Dalam sebuah buku yang saya baca, saya menemukan sebuah kalimat: doa itu bisa merubah takdir. Saya tertegun. Lama sekali mengunyah kalimat tersebut agar mudah dicerna. Kalimat sederhana namun besar sekali maknanya. Takdir itu meliputi rezeki, jodoh, dan mati.
Doa. Setiap kali saya berdoa. Setiap kali saya minta didoakan. Namun doa seperti apa yang bisa merubah takdir?
Saya sangat ingat kejadian dimana saya terkapar sakit kena malaria dengan suhu badan tertinggi hingga 42 derajat celsius. Ada satu masa dimana saya merasa nyawa saya perlahan meninggalkan jasad. Begitu saya merasa hal-hal ganjil itu, saya berdoa dengan pasrahnya. Berucap sekeras-kerasnya. Saya sedemikian takut menghadapi kematian. Takut karena betapa saya tak memiliki bekal apapun untuk bisa dipertanggungjawabkan kepada Sang Pencipta.
Dengan segala ikrar saya ingin berubah jika saya diberi tambahan umur: saya tak lagi-lagi menduakan Tuhan, tak lagi bolos sembahyang, tak lagi berbuat maksiat, tak lagi menyakiti orang lain, akan bersedekah, akan ini, itu...

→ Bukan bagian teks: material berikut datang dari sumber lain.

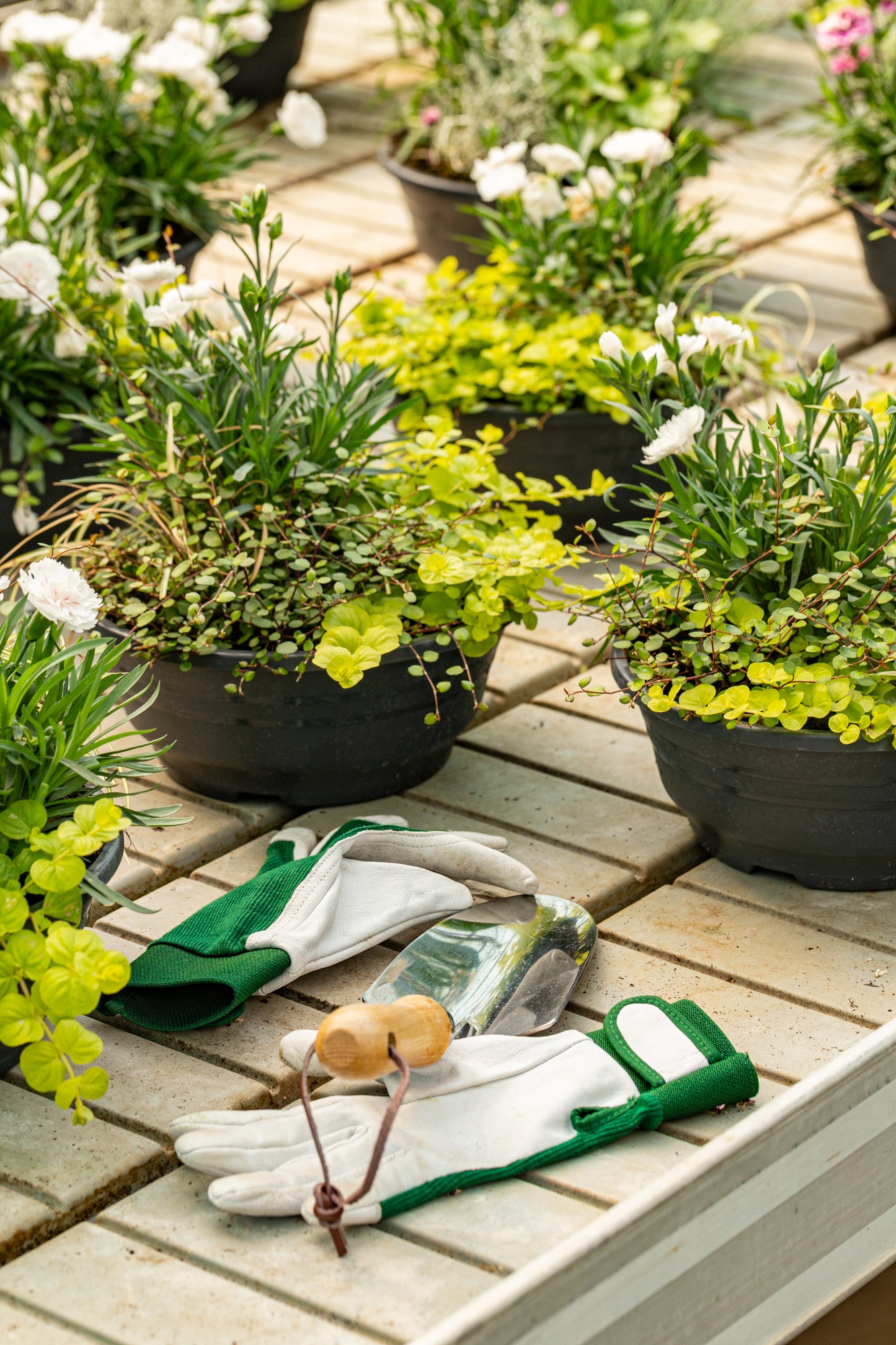 Small decoration plants in pot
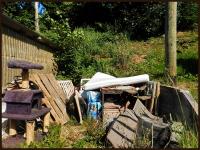 pussydog 
by wim rutten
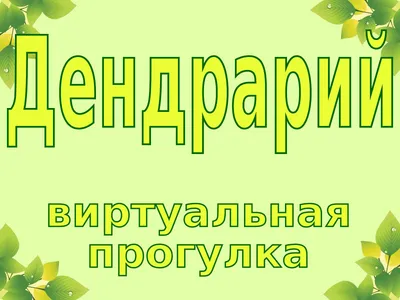 В Екатеринбурге на месяц закроют дендропарк на Первомайской - KP.RU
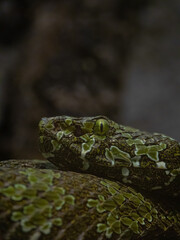 Pit viper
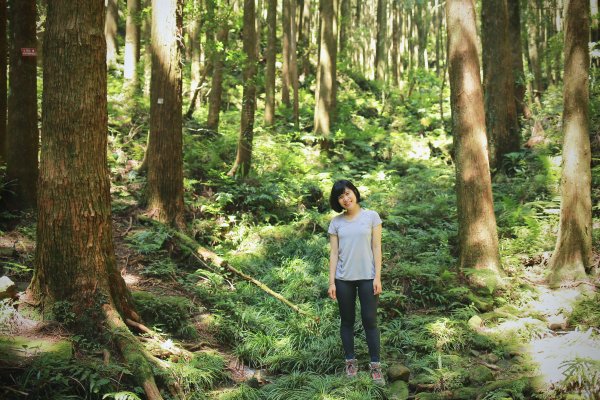 尖石鄉：那結山、貴妃山1080956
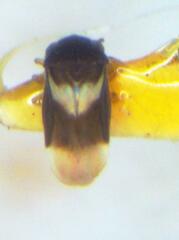 Dipsocoroidea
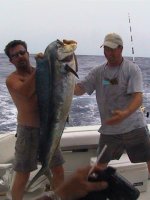 34 lb dolphin-3.jpg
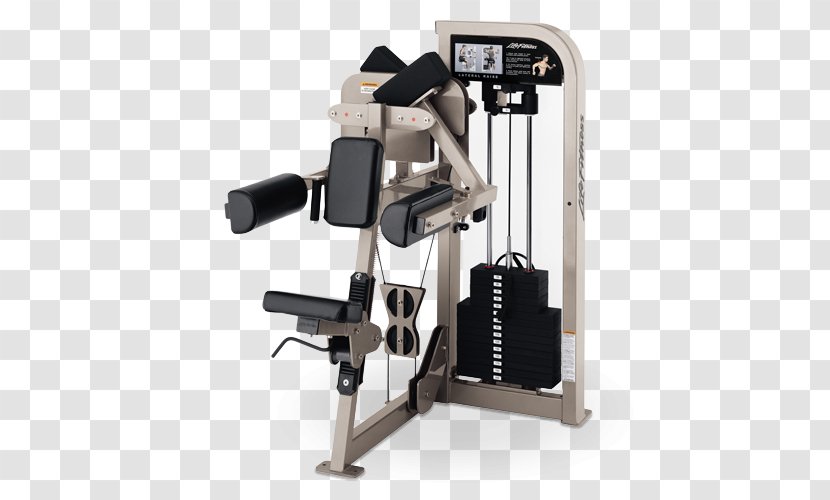 Exercise Equipment Life Fitness Machine Physical Centre - Halflife 2 Raising The Bar Transparent PNG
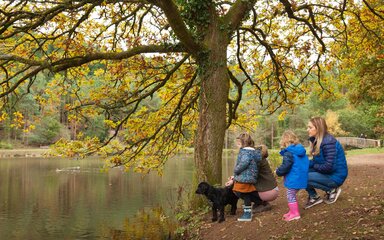 Three people and a black dog stand beneath a large tree beside a calm lake, with autumn leaves on the branches and scattered across the ground.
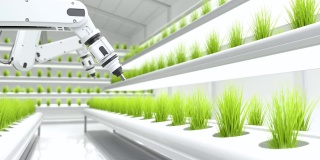 机器人正在给有机菜地施肥，农业技术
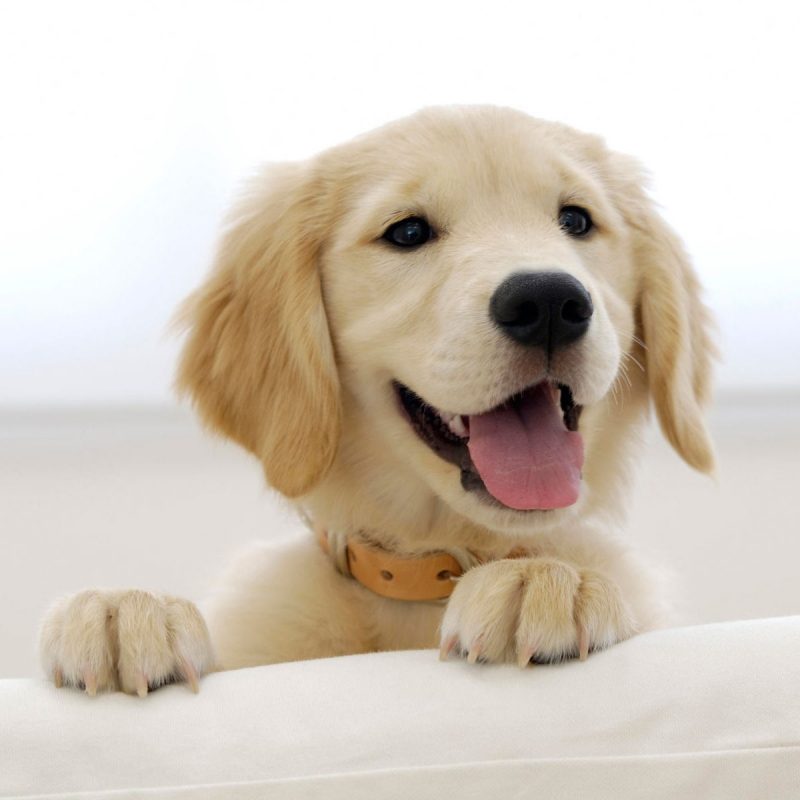 10 New Golden Retriever Puppies Wallpaper FULL HD 1920×1080 For PC Background 2023 free download golden retriever puppy wallpapers hd wallpapers id 5009 800x800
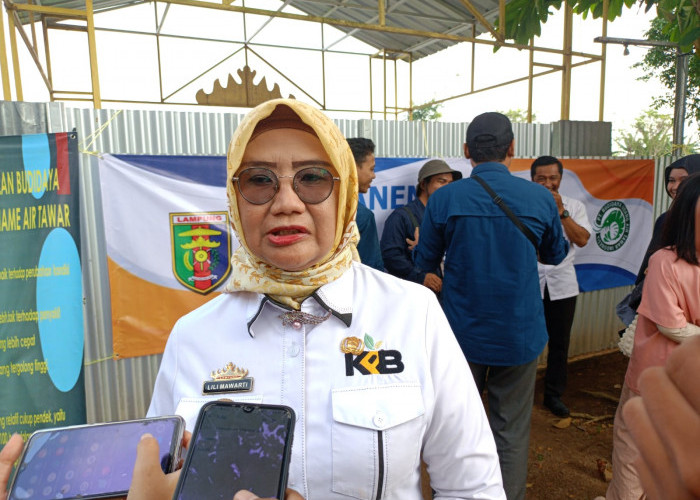 Catat, Disnakkeswan Lampung Tegaskan Vaksin LSD Tidak Berbayar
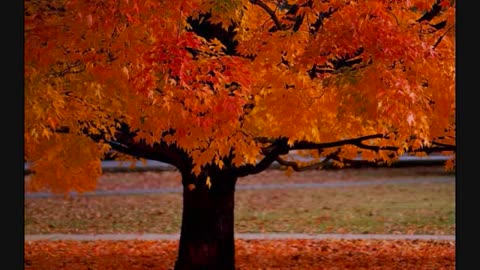 Four Seasons ~ Vivaldi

Saat itulah saya merasa keajaiban bekerja pada doa saya. Saya tak jadi mati. Allah Mahamendengar. Allah Mahapemberi Ijin. Saya diijinkan untuk kembali meneruskan hidup. Entah sampai kapan. Karena tak tahu sampai kapan itulah, maka saya perlu waspada dan tak boleh lengah. Namanya ikrar, saya harus menepati. Ikrar adalah janji. Saya hanya ingin mati dalam keadaan baik, di waktu yang baik, di tempat yang baik, dengan sebab yang baik.
Jika ajal saja bisa dirubah waktunya karena doa, saya percaya bahwa jodoh dan rezeki pun bisa. Maka saya semakin khusyu untuk mendapatkan keduanya.
Jika ajal saja bisa dirubah waktunya karena doa, saya percaya bahwa jodoh dan rezeki pun bisa. Maka saya semakin khusyu untuk mendapatkan keduanya.
Ya, Allah.
Datangkan dia. Agar saya bisa lebih khusyu beribadah. Agar saya tak lagi mengerjakan perbuatan sesat sesaat.
Limpahkan. Agar saya bisa lebih khusyu beribadah. Agar saya bisa banyak membantu orang-orang yang kesusahan.